If you’re reading this story on your smartphone, you may be holding the future of preventative health in your hands.
A study led by University of Toronto researchers, published today in the American Heart Association journal Circulation: Cardiovascular Imaging, found that blood pressure can be measured accurately by taking a quick video selfie.
Kang Lee, a professor of applied psychology and human development at the Ontario Institute for Studies in Education and Canada Research Chair in developmental neuroscience, was the lead author of the study, working alongside researchers from the Faculty of Medicine’s department of physiology, and from Hangzhou Normal University and Zhejiang Normal University in China.
Using a technology co-discovered by Lee and his postdoctoral researcher Paul Zheng called transdermal optical imaging, researchers measured the blood pressure of 1,328 Canadian and Chinese adults by capturing two-minute videos of their faces on an iPhone. Results were compared to standard devices used to measure blood pressure.
The researchers found they were able to measure three types of blood pressure with 95 to 96 per cent accuracy.
“Blood pressure is among the key health indexes that we use to measure your health,” says Lee.
When blood pressure is too high or too low, it can lead to major health issues such as heart attacks and strokes, which is why Lee says having easy access to these measurements is highly beneficial, particularly for those at higher risk of issues related to hypertension (high blood pressure) or hypotension (low blood pressure).
The discovery of this technology was a happy accident.
Three years ago, Lee and Zheng were attempting to build a contactless lie detector, but in the process they discovered that similar technology could measure blood pressure.
This discovery caused Lee to change the direction of his research, shifting entirely to measuring health markers using facial video recordings.
“With lie detectors, it only benefits a very small group. But if I can measure blood pressure, we can benefit a lot of people,” Lee says.
Transdermal optical imaging works by capitalizing on the translucent nature of facial skin. When the light reaches the face, it penetrates the skin and reaches hemoglobin underneath it, which is red. This technology uses the optical sensor on a smartphone to capture the reflected red light from hemoglobin, which allows the technology to visualize and measure blood flow changes under the skin.
“From the video captured by the technology, you can see how the blood flows in different parts of the face and through this ebb and flow of blood in the face, you can get a lot of information,” says Lee.
He understood that the transdermal optical imaging technology had significant practical implications, so, with the help of U of T and MaRS, he formed a startup company called Nuralogix alongside entrepreneur Marzio Pozzuoli, who is now the CEO.
Pozzuoli found success with RuggedCom, a communications company he founded in his basement and sold to Siemens in 2012 for about $440 million.
“I wanted to find something I could be passionate about that would have an impact on the world,” says Pozzuoli. “This is when I met Dr. Lee and then I started looking at what he had and said we could do some really interesting things, including revolutionizing the way health care is done around the world.”
Nuralogix has developed a smartphone app called Anura that allows people to try out the transdermal optical imaging software for themselves. In the publicly available version of the app, people can record a 30-second video of their face and will receive measurements for stress levels and resting heart rate. In the fall, the company will release a version of the app in China that includes blood pressure measurements.

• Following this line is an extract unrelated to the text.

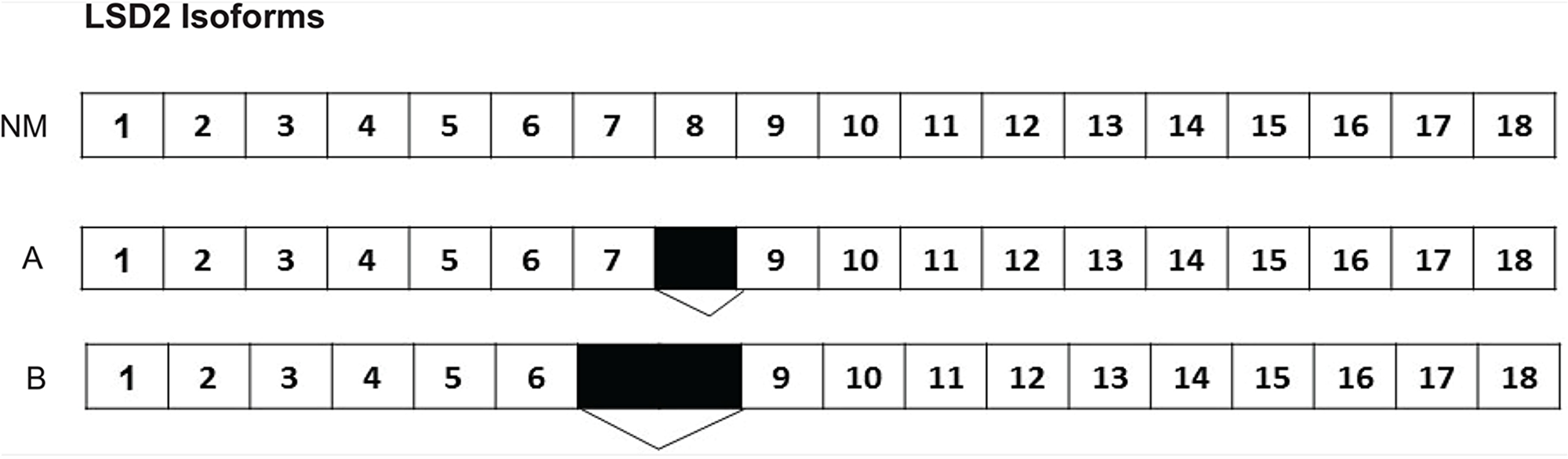 Two LSD2 isoforms identified in A673 cells.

Lee says there is more research to be done to ensure that health measurements using transdermal optical imaging are as accurate as possible. In the recent study, for example, only people with regular or slightly higher blood pressure were measured. The study sample also did not have people with very dark or very fair skin. More diverse research subjects will make measurements more accurate, says Lee, but there are challenges when looking for people with very high and low blood pressure.
“In order to improve our app to make it usable, particularly for people with hypertension, we need to collect a lot of data from them, which is very, very hard because a lot of them are already taking medicine,” says Lee. “Ethically, we cannot tell them not to take medicine, but from time to time, we get participants who do not take medicine so we can get hypertensive and hypotensive people this way.”

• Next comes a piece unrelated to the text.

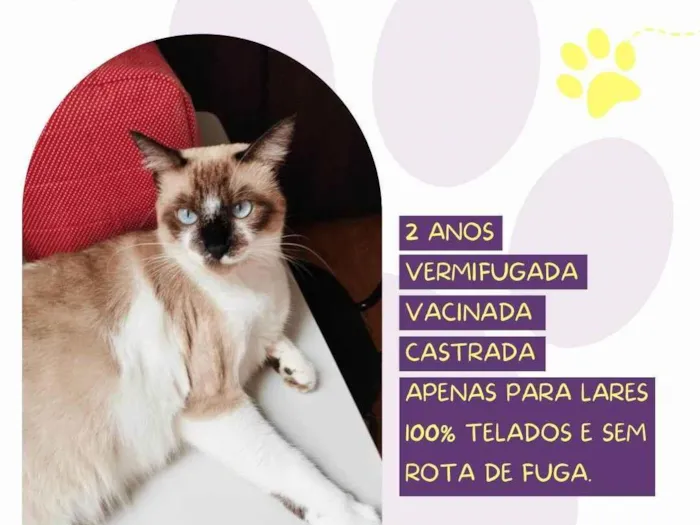 Gato ra a SRD-ViraLata idade 2 anos nome Sabrina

While there are a wide range of applications for transdermal optical imaging technology, Lee says data privacy is of utmost concern. He says when a person uses the software by recording a video of their face, only the results are uploaded to the cloud but the video is not.
“We only extract blood flow information from your face and send that to the cloud. So from the cloud, if I look at your blood flow, I couldn’t tell it is you,” he says.
Lee and Pozzuoli say there is a wealth of opportunity for the technology – including the ability to provide health services for those who have limited access to health care such as people in China and India where the doctor-to-patient ratio is much lower, or even in more remote parts of Canada.
“If you set up a computer or your phone, you can get a doctor who is, let’s say, in Toronto and then you can talk to each other and diagnose simultaneously,” says Lee.
The research team also hopes to expand the capabilities of the technology to measure other health markers, including blood-glucose levels, hemoglobin and cholesterol.
Nuralogix plans on monetizing the technology by making an app that allows consumers to pay a low monthly fee to access more detailed health data. They are also licensing the technology through a product called DeepAffex, a cloud-based AI engine that can be used by businesses who are interested in the transdermal optical imaging technology in a range of industries from health care to security.